Deal or no deal: NZ businesses need to anticipate Brexit impact now, regardless of outcomes
14 March 2019
The Brexit Withdrawal Agreement has been rejected by the UK Parliament for a second time, and the chances of a no-deal
Brexit have increased exponentially.
There’s also an increased possibility of a delay to Brexit altogether; any extension will be on the EU’s terms and what
will actually happen on 29 March won’t be apparent until 21 March at the earliest.
In the meantime, Kiwi businesses exporting to the UK will need to start some pre-emptive planning to negate any negative
impact this will have on their operations in the UK and Europe. They also need to consider what disclosures they should
be making in their annual reports, NZX announcements and financial statements.
“The biggest and most obvious impact will be changes in border controls; Kiwi exporters will be faced with the prospect
of finding efficient ways of getting their goods into the UK,” says Mark Hucklesby, Partner and National Technical
Director at Grant Thornton New Zealand.
“Once they’re there, distributing those goods throughout Europe and vice versa will also be problematic. If you have a
wine business that exports to a single consignee in London, who then distributes your products across Europe?
“The traditional hub and spoke distribution model may no longer be fast or cost effective, regardless of whether the hub
or the spoke of the Kiwi business operation is situated in the UK.
“Some of the not-so-obvious impacts will be on companies’ reporting obligations; New Zealand businesses that trade in
the UK will still need to forecast operating results and cash flows, but the challenges posed by potential changes to
cross-border regulations will seriously hamper business’ ability to do this accurately.

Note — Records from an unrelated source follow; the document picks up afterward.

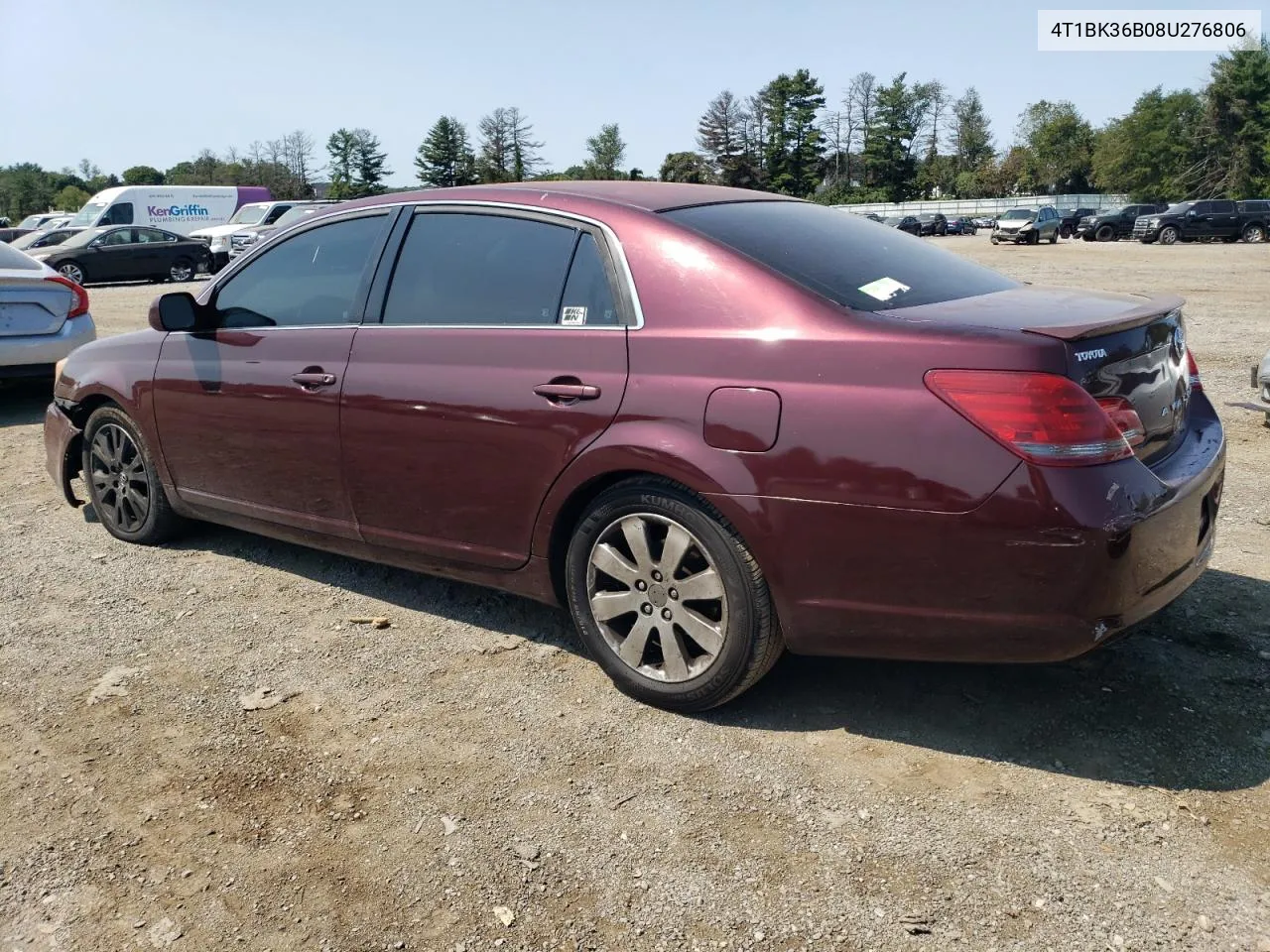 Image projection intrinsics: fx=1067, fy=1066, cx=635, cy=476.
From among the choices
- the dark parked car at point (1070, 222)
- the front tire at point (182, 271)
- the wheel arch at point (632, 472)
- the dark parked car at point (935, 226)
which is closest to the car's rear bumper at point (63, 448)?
the wheel arch at point (632, 472)

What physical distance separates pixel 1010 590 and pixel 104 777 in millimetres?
2597

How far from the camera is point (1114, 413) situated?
2822 mm

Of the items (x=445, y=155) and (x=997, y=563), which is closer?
(x=997, y=563)

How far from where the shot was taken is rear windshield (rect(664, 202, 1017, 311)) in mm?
3211

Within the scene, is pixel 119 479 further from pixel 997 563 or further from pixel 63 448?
pixel 997 563

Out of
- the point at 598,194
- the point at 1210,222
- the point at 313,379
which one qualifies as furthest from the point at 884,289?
the point at 1210,222

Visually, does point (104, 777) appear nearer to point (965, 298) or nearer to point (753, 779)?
point (753, 779)

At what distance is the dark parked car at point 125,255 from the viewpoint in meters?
25.0

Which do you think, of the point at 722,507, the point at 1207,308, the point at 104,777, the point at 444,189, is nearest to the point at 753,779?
the point at 722,507

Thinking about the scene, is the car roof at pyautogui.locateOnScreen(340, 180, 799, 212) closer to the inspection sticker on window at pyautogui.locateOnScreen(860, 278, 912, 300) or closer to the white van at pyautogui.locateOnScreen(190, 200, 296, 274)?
the inspection sticker on window at pyautogui.locateOnScreen(860, 278, 912, 300)

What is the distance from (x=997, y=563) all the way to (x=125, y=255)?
1060 inches

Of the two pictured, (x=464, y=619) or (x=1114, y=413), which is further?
(x=464, y=619)

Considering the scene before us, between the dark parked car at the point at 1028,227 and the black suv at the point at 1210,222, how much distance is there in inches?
181

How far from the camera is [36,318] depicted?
8445 mm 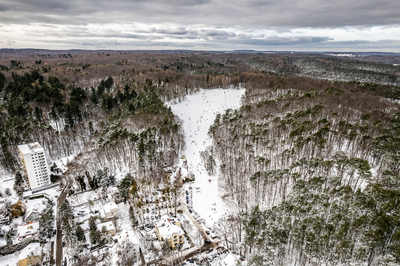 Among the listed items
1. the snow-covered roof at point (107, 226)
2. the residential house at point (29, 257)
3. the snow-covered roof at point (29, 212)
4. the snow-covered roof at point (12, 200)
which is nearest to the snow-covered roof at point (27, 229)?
the residential house at point (29, 257)

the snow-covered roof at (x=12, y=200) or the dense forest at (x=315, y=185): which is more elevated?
the dense forest at (x=315, y=185)

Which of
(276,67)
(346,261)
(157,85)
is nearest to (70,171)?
(346,261)

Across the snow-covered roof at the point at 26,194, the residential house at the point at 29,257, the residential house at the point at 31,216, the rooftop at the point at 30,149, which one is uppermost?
the rooftop at the point at 30,149

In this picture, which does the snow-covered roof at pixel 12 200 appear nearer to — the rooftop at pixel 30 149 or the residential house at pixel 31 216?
the residential house at pixel 31 216

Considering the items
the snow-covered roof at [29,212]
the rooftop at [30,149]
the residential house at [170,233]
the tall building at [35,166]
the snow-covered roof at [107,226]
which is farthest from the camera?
the rooftop at [30,149]

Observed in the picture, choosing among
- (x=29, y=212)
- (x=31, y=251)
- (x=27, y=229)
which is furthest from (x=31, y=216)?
(x=31, y=251) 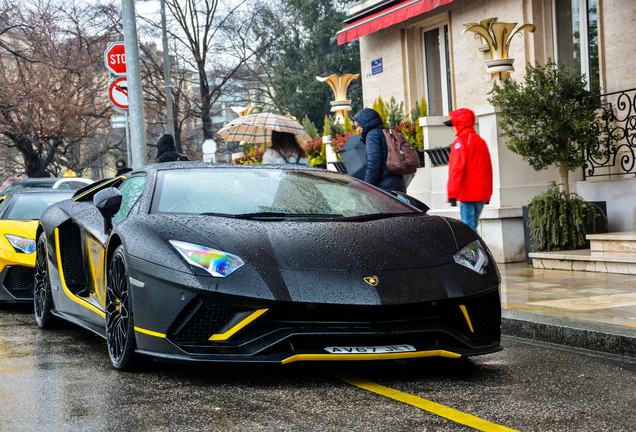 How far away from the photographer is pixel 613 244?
32.2 feet

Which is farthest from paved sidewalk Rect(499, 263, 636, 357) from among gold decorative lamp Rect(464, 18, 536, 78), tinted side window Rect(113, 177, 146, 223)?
gold decorative lamp Rect(464, 18, 536, 78)

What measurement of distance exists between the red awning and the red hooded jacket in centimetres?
476

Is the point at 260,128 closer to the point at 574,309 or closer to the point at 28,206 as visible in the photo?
the point at 28,206

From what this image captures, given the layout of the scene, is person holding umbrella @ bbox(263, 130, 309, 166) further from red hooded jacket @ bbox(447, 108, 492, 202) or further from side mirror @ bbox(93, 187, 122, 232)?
side mirror @ bbox(93, 187, 122, 232)

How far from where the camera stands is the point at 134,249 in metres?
5.11

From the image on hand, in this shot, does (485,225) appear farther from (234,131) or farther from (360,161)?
(234,131)

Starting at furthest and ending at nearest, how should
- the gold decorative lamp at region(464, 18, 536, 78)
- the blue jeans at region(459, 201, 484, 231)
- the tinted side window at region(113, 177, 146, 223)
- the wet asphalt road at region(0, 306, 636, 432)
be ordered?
the gold decorative lamp at region(464, 18, 536, 78), the blue jeans at region(459, 201, 484, 231), the tinted side window at region(113, 177, 146, 223), the wet asphalt road at region(0, 306, 636, 432)

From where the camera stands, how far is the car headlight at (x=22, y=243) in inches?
350

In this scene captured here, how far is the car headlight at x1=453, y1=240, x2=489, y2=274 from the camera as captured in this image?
16.8 feet

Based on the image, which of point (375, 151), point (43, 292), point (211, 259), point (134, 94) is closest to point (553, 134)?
point (375, 151)

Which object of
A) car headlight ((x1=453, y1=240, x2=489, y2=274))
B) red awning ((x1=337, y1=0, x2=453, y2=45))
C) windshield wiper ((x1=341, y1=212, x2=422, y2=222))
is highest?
red awning ((x1=337, y1=0, x2=453, y2=45))

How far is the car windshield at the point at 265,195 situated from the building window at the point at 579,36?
7.57 meters

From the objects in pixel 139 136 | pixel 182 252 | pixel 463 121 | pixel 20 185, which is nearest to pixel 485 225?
pixel 463 121

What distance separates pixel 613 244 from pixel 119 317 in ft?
20.5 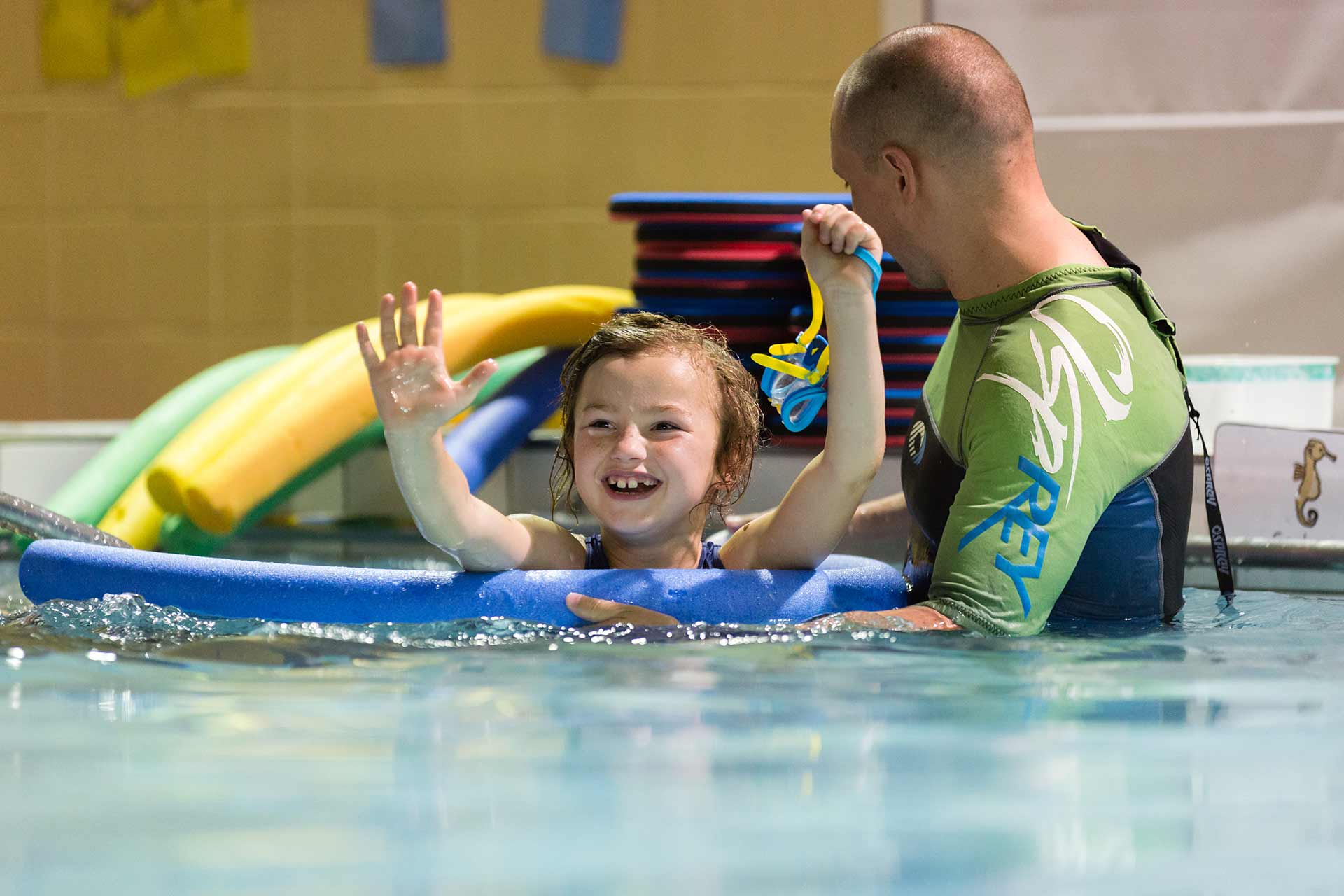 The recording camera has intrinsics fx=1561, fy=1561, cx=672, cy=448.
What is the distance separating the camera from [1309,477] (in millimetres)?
3535

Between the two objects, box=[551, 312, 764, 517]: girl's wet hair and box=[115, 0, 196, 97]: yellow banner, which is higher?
box=[115, 0, 196, 97]: yellow banner

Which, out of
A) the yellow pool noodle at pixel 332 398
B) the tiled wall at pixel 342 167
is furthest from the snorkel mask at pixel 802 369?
the tiled wall at pixel 342 167

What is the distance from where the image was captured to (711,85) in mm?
5961

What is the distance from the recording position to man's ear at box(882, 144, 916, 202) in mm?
2678

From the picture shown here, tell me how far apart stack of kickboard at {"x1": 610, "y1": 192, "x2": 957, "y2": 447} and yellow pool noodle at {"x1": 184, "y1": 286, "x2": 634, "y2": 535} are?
38cm

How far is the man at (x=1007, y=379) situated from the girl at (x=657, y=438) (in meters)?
0.21

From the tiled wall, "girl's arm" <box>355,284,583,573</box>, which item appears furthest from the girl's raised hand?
the tiled wall

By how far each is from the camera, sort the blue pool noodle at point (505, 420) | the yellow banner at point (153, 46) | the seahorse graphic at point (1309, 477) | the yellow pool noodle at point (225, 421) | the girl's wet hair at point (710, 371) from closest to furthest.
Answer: the girl's wet hair at point (710, 371)
the seahorse graphic at point (1309, 477)
the yellow pool noodle at point (225, 421)
the blue pool noodle at point (505, 420)
the yellow banner at point (153, 46)

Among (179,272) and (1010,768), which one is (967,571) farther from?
(179,272)

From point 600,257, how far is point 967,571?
12.9 ft

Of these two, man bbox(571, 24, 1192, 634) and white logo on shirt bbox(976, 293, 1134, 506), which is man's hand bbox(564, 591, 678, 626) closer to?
man bbox(571, 24, 1192, 634)

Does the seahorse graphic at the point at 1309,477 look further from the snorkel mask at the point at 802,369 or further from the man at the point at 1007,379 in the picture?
the snorkel mask at the point at 802,369

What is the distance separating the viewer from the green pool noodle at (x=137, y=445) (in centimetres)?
427

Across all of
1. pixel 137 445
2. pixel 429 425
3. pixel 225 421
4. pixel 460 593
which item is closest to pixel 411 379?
pixel 429 425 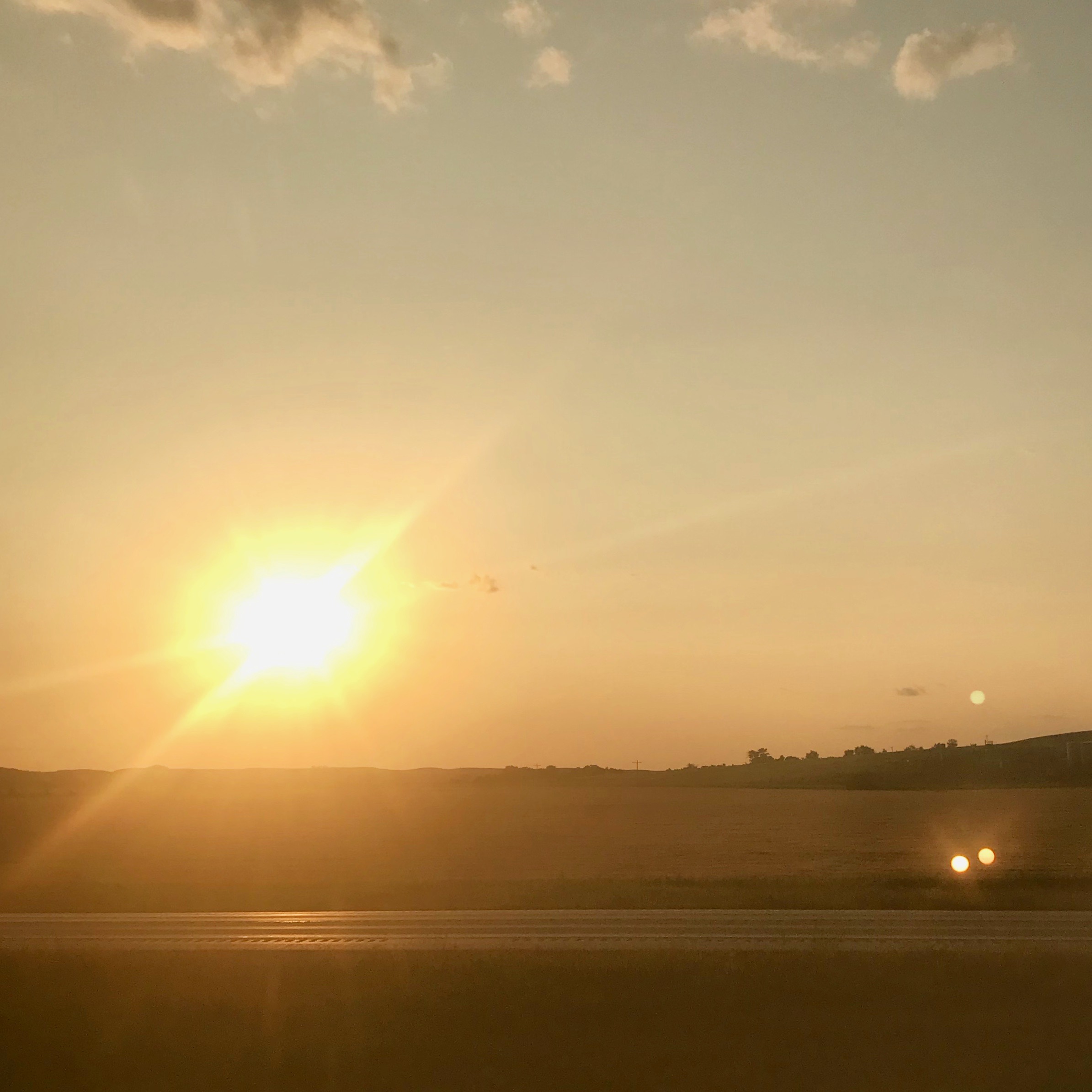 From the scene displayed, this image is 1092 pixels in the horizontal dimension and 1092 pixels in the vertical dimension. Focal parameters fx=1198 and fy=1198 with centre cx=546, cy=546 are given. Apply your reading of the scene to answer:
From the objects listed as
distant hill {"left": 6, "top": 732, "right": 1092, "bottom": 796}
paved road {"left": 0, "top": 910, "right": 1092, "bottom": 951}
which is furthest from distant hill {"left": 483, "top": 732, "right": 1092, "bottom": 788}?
paved road {"left": 0, "top": 910, "right": 1092, "bottom": 951}

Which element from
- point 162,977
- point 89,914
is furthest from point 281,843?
point 162,977

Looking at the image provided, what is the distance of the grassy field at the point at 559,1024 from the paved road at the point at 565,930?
2872mm

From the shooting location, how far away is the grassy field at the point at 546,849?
139 feet

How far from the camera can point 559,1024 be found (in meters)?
17.9

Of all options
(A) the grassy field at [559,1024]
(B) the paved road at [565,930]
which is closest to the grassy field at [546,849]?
(B) the paved road at [565,930]

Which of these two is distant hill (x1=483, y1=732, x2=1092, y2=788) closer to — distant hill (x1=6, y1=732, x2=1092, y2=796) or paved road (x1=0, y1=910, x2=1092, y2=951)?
distant hill (x1=6, y1=732, x2=1092, y2=796)

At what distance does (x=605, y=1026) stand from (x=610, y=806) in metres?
84.1

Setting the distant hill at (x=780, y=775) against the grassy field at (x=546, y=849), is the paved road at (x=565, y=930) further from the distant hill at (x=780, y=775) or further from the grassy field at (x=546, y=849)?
the distant hill at (x=780, y=775)

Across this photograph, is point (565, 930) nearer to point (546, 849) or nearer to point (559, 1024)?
point (559, 1024)

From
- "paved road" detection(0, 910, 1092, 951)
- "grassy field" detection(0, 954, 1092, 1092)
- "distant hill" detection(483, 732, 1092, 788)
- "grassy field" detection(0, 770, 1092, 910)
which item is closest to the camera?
"grassy field" detection(0, 954, 1092, 1092)

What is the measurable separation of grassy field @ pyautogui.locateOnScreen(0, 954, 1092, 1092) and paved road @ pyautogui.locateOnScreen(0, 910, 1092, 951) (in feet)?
9.42

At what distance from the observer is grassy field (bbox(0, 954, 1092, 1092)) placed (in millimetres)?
16594

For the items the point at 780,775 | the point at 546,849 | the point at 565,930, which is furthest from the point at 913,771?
the point at 565,930

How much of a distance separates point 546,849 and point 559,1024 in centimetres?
4887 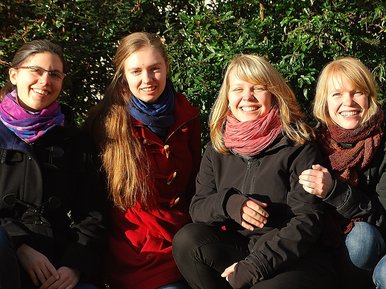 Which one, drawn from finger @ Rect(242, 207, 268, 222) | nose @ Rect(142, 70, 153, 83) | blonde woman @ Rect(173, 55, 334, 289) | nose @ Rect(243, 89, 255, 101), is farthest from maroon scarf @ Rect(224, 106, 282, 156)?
nose @ Rect(142, 70, 153, 83)

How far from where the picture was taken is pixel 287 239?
3.77 metres

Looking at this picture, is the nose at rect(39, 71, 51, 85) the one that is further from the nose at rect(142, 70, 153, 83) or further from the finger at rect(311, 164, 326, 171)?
the finger at rect(311, 164, 326, 171)

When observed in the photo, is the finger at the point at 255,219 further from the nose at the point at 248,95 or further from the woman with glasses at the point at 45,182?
the woman with glasses at the point at 45,182

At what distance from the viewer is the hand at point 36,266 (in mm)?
3893

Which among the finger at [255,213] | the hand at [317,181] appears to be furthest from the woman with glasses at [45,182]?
the hand at [317,181]

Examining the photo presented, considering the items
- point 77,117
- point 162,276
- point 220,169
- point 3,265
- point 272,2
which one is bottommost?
point 162,276

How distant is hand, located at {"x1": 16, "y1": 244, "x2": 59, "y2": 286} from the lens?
389 cm

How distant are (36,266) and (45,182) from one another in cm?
49

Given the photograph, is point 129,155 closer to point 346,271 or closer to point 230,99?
point 230,99

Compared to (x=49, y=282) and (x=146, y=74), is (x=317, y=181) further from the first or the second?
(x=49, y=282)

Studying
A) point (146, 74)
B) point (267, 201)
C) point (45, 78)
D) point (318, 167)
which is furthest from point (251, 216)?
point (45, 78)

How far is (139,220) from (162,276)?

“For example, EU tax exemptions and relief will no longer apply to UK operations under a no-deal Brexit; this could
happen overnight, resulting in some deferred tax liabilities that have previously gone unrecognized.
“Other forecasts required under New Zealand equivalents of International Financial Reporting Standards [NZ IFRS] include
fair value management, impairment of assets and possibly going concern assessments. In some ways the possibilities are
endless and the influence of Brexit is going to be a huge challenge for everyone in the accountancy profession, whether
they’re preparing financial statements or auditing them.
“This is a complex issue and business directors’ and owners responses can’t be glib or simplistic; the potential
consequences – both direct and indirect – need to be thoroughly thought through, and subsequent insights need to be
clearly reflected in all forecasts and projections”, says Hucklesby.
Fourteen per cent of New Zealand’s total foreign investment is with the UK (over $30bn); latest statistics put Kiwi
exports to the UK at $2.8bn, down from $3.1bn in 2016.